[What is being asked]
The stretch from the line with "2025-26 Topps Basketball" through the line with "Montour County Prothonotary Fee Bill Page 3" in the records below: write it out exactly, and nothing else.
*** Records provided ***
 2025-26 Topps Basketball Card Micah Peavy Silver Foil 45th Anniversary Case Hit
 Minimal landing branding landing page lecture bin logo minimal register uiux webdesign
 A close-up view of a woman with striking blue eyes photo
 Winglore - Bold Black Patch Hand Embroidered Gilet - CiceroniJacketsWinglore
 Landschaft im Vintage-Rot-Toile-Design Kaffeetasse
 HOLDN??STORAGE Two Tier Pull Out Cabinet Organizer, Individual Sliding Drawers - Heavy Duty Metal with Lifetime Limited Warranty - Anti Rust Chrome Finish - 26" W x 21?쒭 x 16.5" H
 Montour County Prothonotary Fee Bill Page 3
*** End of Records provided ***
*** Records provided ***
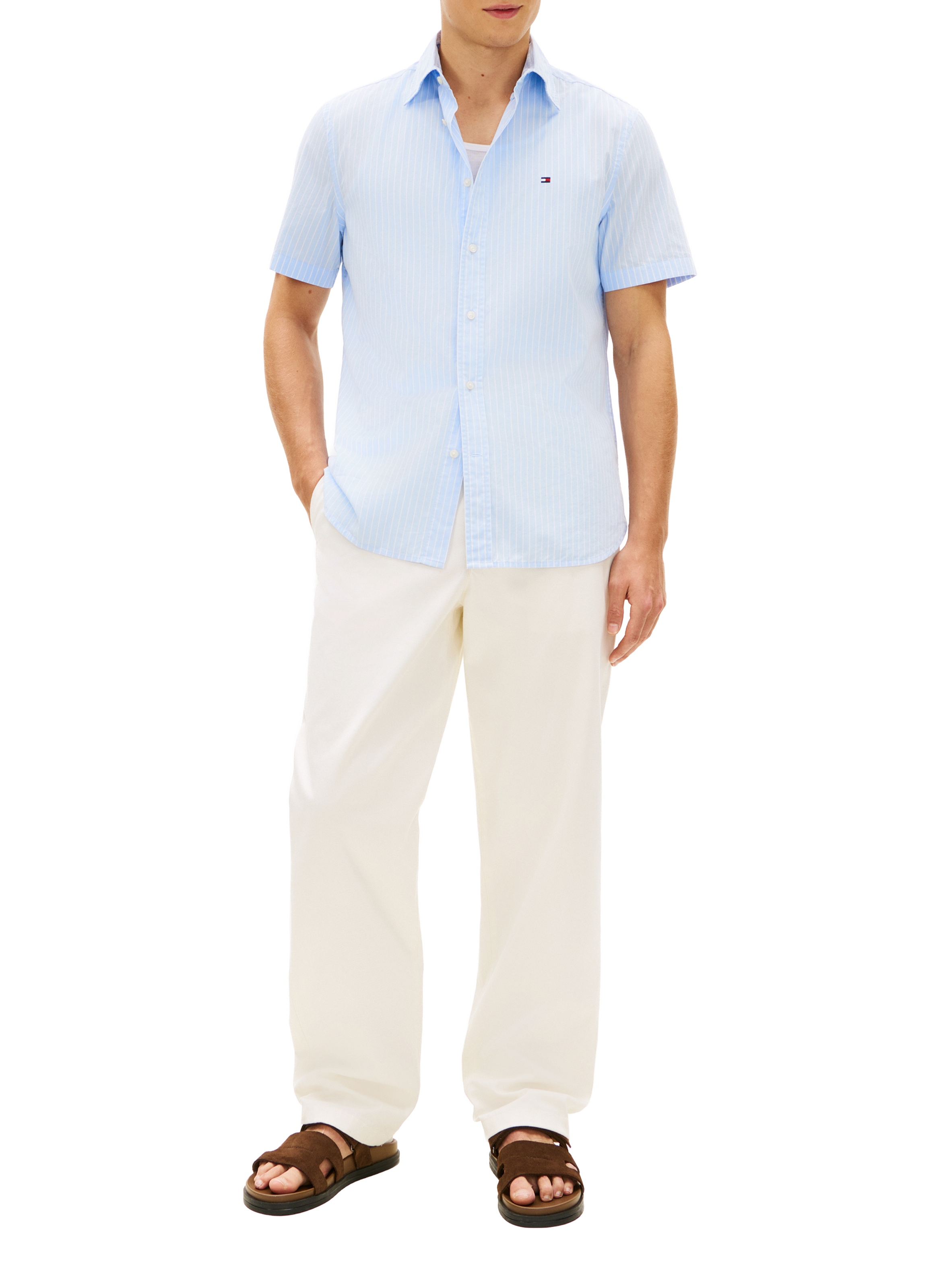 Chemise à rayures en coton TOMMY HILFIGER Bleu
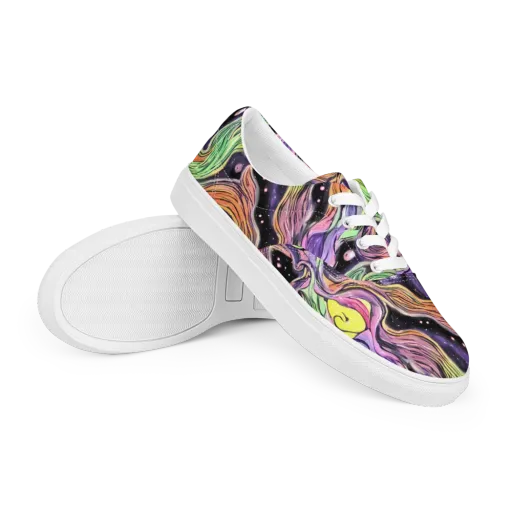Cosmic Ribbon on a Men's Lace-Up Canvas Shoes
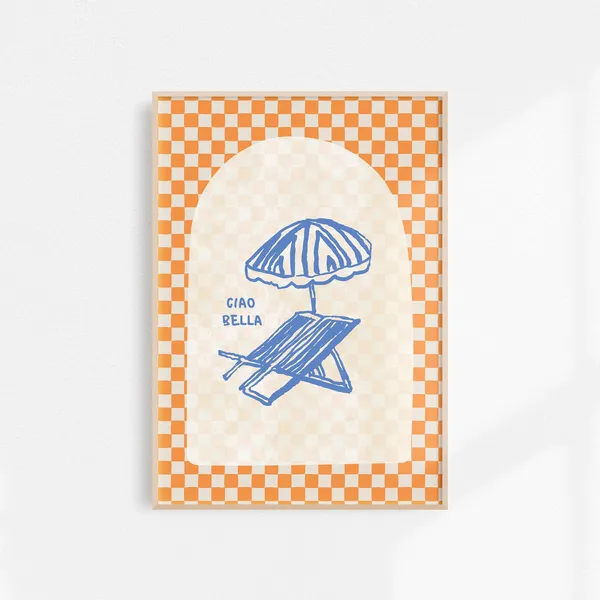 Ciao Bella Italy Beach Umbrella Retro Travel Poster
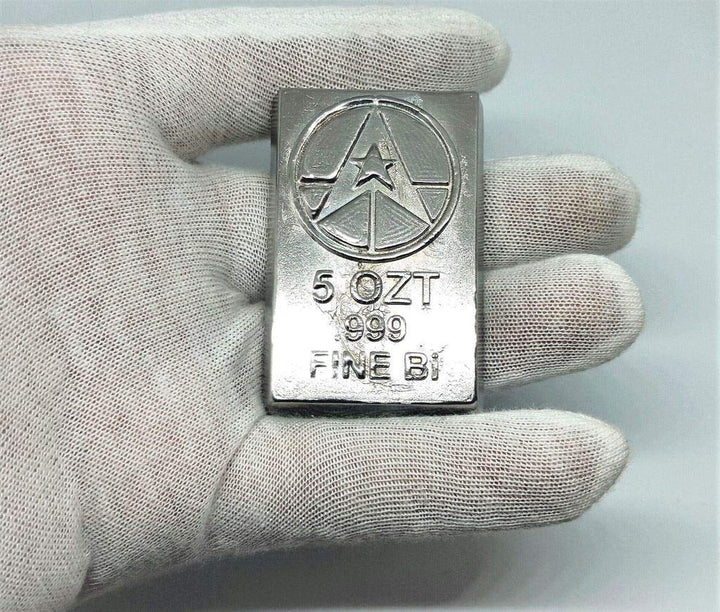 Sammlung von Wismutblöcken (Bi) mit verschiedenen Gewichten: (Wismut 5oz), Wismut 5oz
*** End of Records provided ***
[Result of the task]
 2025-26 Topps Basketball Card Micah Peavy Silver Foil 45th Anniversary Case Hit
 Minimal landing branding landing page lecture bin logo minimal register uiux webdesign
 A close-up view of a woman with striking blue eyes photo
 Winglore - Bold Black Patch Hand Embroidered Gilet - CiceroniJacketsWinglore
 Landschaft im Vintage-Rot-Toile-Design Kaffeetasse
 HOLDN??STORAGE Two Tier Pull Out Cabinet Organizer, Individual Sliding Drawers - Heavy Duty Metal with Lifetime Limited Warranty - Anti Rust Chrome Finish - 26" W x 21?쒭 x 16.5" H
 Montour County Prothonotary Fee Bill Page 3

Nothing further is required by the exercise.